The Essential Elements of Trauma-Informed Parenting

1. Recognize the impact trauma has had on your child.

Children who have survived trauma can present incredible challenges. But when you view children’s behaviors and reactions through the “lens” of their traumatic experience, many of these behaviors and reactions begin to make sense.

Using an understanding of trauma as a foundation, you can work with other members of your child’s team to come up with effective strategies to address challenging behaviors and help your child develop new, more positive coping skills.

2. Help your child to feel safe.

Safety is critical for children who have experienced trauma. Many have not felt safe or protected in their own homes, and are on a constant state of alert for the next threat to their well-being.

Children who been through trauma may be physically safe and still not feel psychologically safe. By keeping your child’s trauma history in mind, you can establish an environment that is physically safe and work with your child to understand what it will take to create psychological safety.

3. Help your child to understand and manage overwhelming emotions.

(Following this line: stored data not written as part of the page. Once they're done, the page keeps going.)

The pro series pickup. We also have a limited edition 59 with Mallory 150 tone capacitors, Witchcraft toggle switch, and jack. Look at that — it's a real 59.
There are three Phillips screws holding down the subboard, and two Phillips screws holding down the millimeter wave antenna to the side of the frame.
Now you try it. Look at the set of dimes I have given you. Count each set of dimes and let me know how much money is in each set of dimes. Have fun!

Trauma can cause such intense fear, anger, shame, and helplessness that children are overwhelmed by their feelings. In addition, trauma can derail development so that children fail to learn how to identify, express, or manage their emotional states.

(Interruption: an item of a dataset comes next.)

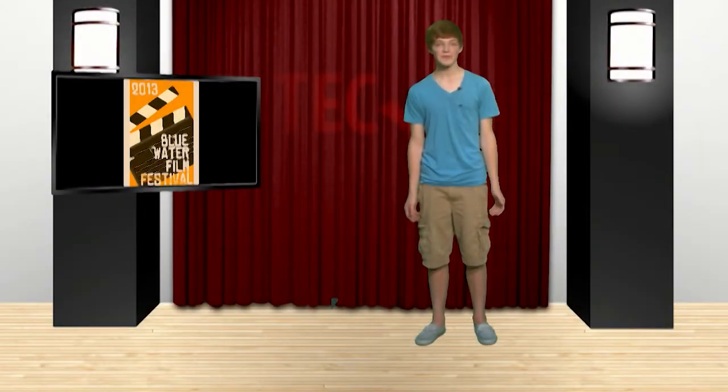Thanks, JJ. The Blue Water Film Festival was really good this year. I'd say my favorite short film would have been Down River, but those other ones were pretty awesome too. Let's check out some horror videos by the students here at Tech.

For example, babies learn to regulate and tolerate their shifting feelings by interacting with caring adults. Older children who did not develop these skills during infancy may seem more like babies emotionally. By providing calm, consistent, and loving care, you can set an example for your children and teach them how to define, express, and manage their emotions.

4. Help your child to understand and manage difficult behaviors.

Overwhelming emotion can have a very negative impact on children’s behavior, particularly if they cannot make the connection between feelings and behaviors. Because trauma can derail development, children who have experienced trauma may display problem behaviors more typical of younger children.

For example, during the school-age years, children learn how to think before acting. Adolescents who never learned this skill may be especially impulsive and apt to get into trouble. You can help your children to understand the links between their thoughts, feelings, and behaviors, and to take control of their behavioral responses.

5. Respect and support the positive, stable, and enduring relationships in the life of your child.

Children learn who they are and what the world is like through the connections they make, including relationships with other people. These connections help children define themselves and their place in the world. Positive, stable relationships play a vital role in helping children heal from trauma.

Children who have been abused or neglected often have insecure attachments to other people. Nevertheless, they may cling to these attachments, which are disrupted or even destroyed when they come into care.

You can help your child to hold on to what was good about these connections, reshape them, make new meaning from them, and build new, healthier relationships with you and others as well.

6. Help your child to develop a strength-based understanding of his or her life story.

In order to heal from trauma, children need to develop a strong sense of self, to put their trauma histories in perspective, and to recognize that they are worthwhile and valued individuals.

Unfortunately, many children who have experienced trauma live by an unwritten rule of “Don’t tell anyone anything.” They may believe that what happened to them is somehow their fault because they are bad, or damaged, or did something wrong.

You can help children to overcome these beliefs by being a safe listener when children share, working with children to build bridges across the disruptions in their lives, and helping children to develop a strength-based understanding of their life stories.

7. Be an advocate for your child.

Trauma can affect so many aspects of a child’s life that it takes a team of people and agencies to facilitate recovery. As the one most intimately and consistently connected with your child, you are a critical part of this team. You can help ensure that efforts are coordinated, and help others to view your children though a trauma lens.

8. Promote and support trauma-focused assessment and treatment for your child.

Children who have experienced trauma often need specialized assessment and treatment in order to heal. The effects of trauma may be misunderstood or even misdiagnosed by clinicians who are not trauma experts. For example, the nervousness and inability to pay attention that comes with trauma may be misdiagnosed as ADHD, or moodiness and irritability may be misdiagnosed as bipolar disorder. Fortunately, there are trauma-focused treatments whose effectiveness has been established. You can use your understanding of trauma and its effects to advocate for the appropriate treatment for your child.

9. Take care of yourself.

Caring for children who have experienced trauma can be very difficult, and can leave families feeling drained and exhausted. In order to be effective, it is important to also take care of yourself, and take action to get the support we need when caring for traumatized children.